A fully qualified directory name exists - this might be useful for a path traversal attack
The "GetSiteByDomain(servername)" function suggests that perhaps other sites use this software; maybe an nslookup or whois would lead to other sites which can be compromised

Be sure to look at the OWASP45 page for more details.

A09:2021–Security Logging and Monitoring Failures

This refers to two separate but related concepts:

Security Logging - persisting an audit trail such that details of how a breach occurred are available after the fact in order to provide evidence
Monitoring - observing user behavior, often by referencing logs and audit trails, in real time or close to real time

Security logging is useful in order to keep a record of what is happening at any point in time within the system. Logging alone will not prevent an attack, but it will make it easier to figure out what happened.

Conversely, monitoring the system (and often the security logs) is a way to identify attacks in real time or discover that an attack occurred after the fact. With the rise of artificial intelligence or machine learning, coupled with the sharp rise in cyber attacks and ransomware attacks, real time monitoring is becoming a big market for software vendors.

Be sure to look at the OWASP page⁴⁶ for more details.

A10:2021–Server-Side Request Forgery (SSRF)
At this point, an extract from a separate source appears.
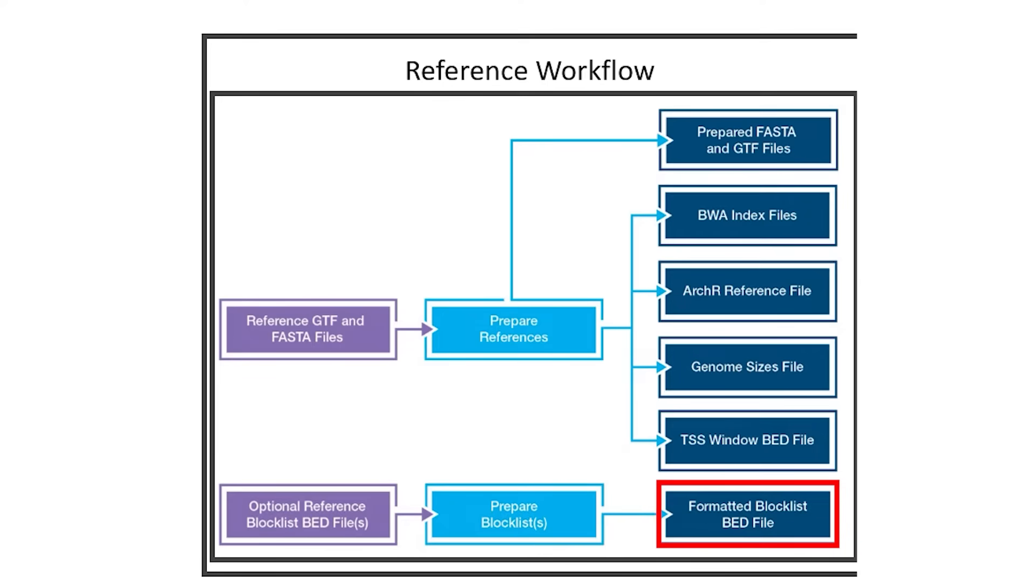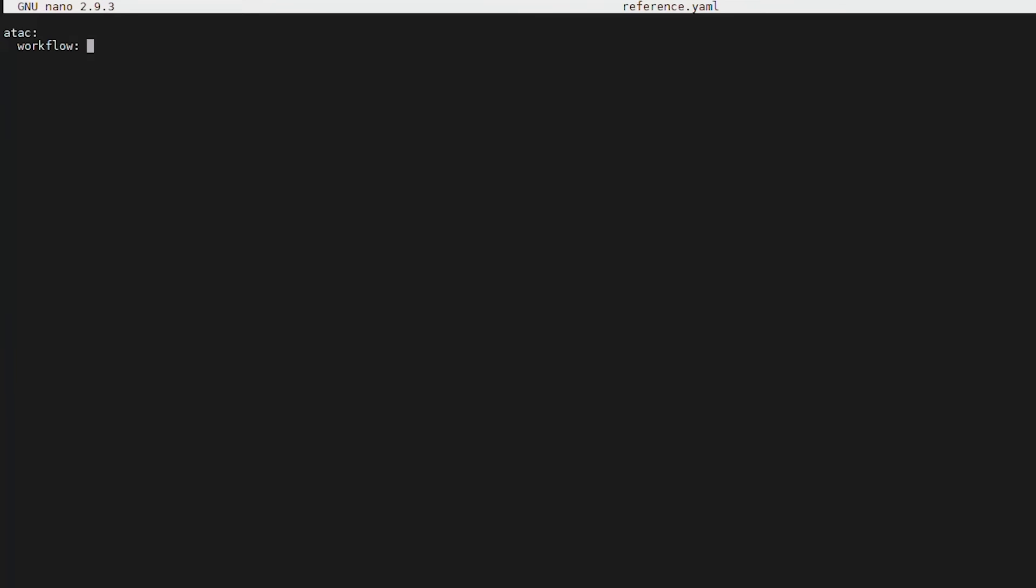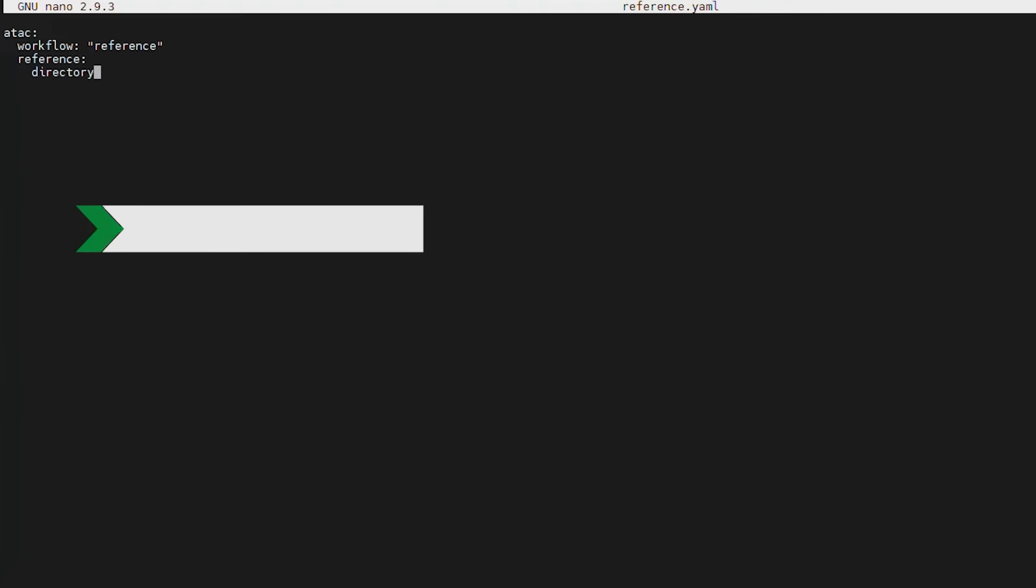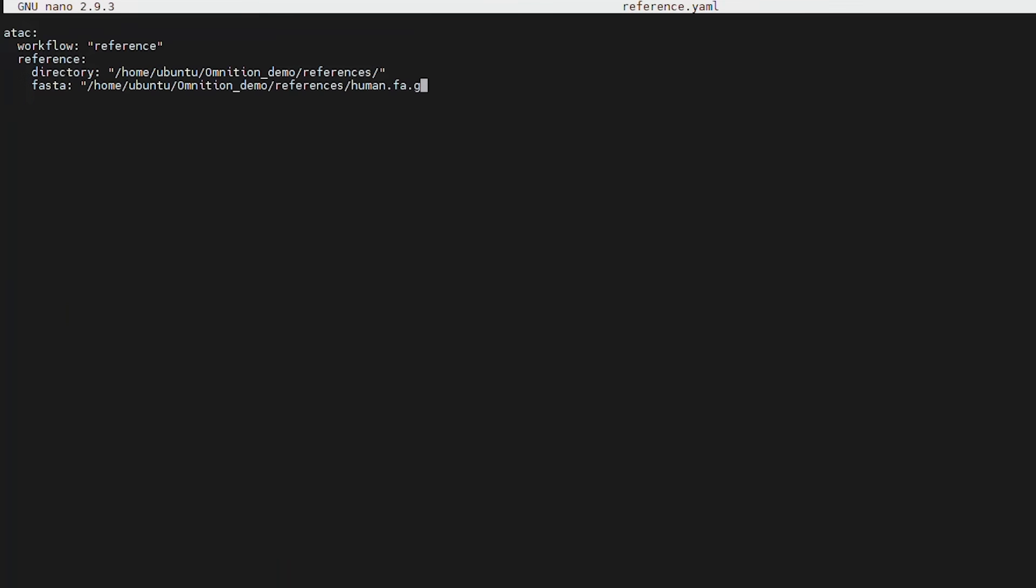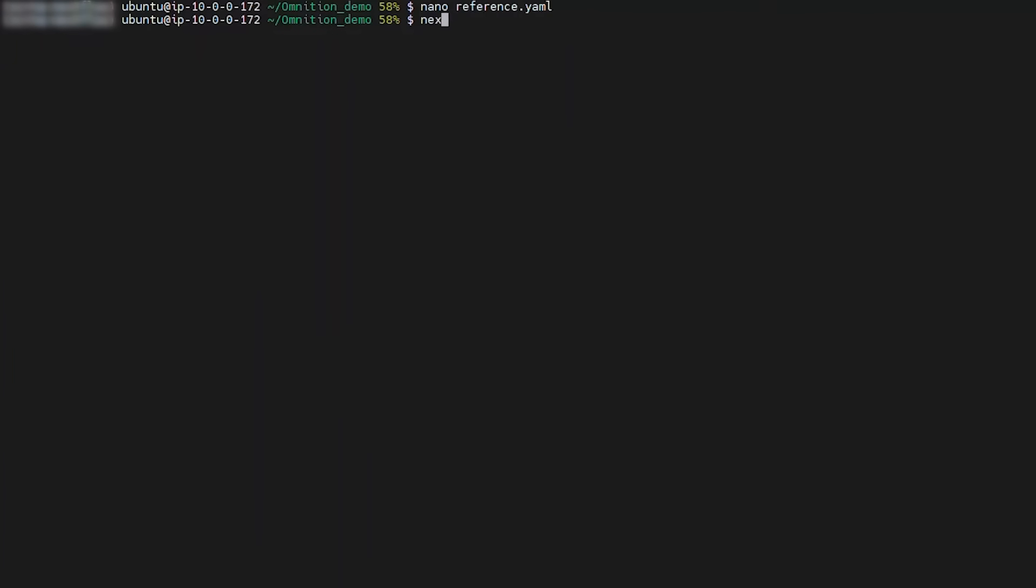The YAML file specifies which workflow the user is running. It also contains the path to each of the required input files. To save the YAML file, simply name the file and include .yaml at the end. Here we name the file reference.yaml.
Rounding out the OWASP Top 10 is server side request forgery⁴⁷. As web browsers become more advanced and security aware, SSRF attacks are not as commonplace as they once were.

Bank Example

To better understand this scenario, follow this example:

A user logs into their online bank using a web browser
The user does not log out, but navigates to a malicious page
The malicious page can, behind the scenes, send a request to the users bank in order to transfer money from the users account into the attackers bank account

This happens because the attacker is able to take advantage of the way web browsers work. In particular, any cookie associated with a website is sent with each request to that site. Additionally, session information is often stored in a cookie. That means that any request from a web browser to a specific web site will result in the cookie being sent, regardless of who told the browser to send the request. All the attacker needs to do is:

Hope that a user is logged into a bank website (https://www.myinsecurebank.com)
Convince the user to visit the a malicious site (https://www.mymaliciouswebsite.com)
The malicious site can use JavaScript in order to send a request from the user's browser to the user's bank website (https://www.myinsecurebank.com) in order to transfer funds

From the bank website's perspective, nothing is amiss as the user has valid cookies and valid session information. From the user's perspective, there is no visual indicator that any attack happened and the attack will go unnoticed until the user checks their balance at some point later.

Server-Side Request Forgery is a collection of techniques to prevent attacks of this nature. Mitigation tactics can be found on the OWASP page⁴⁸ for this vulnerability.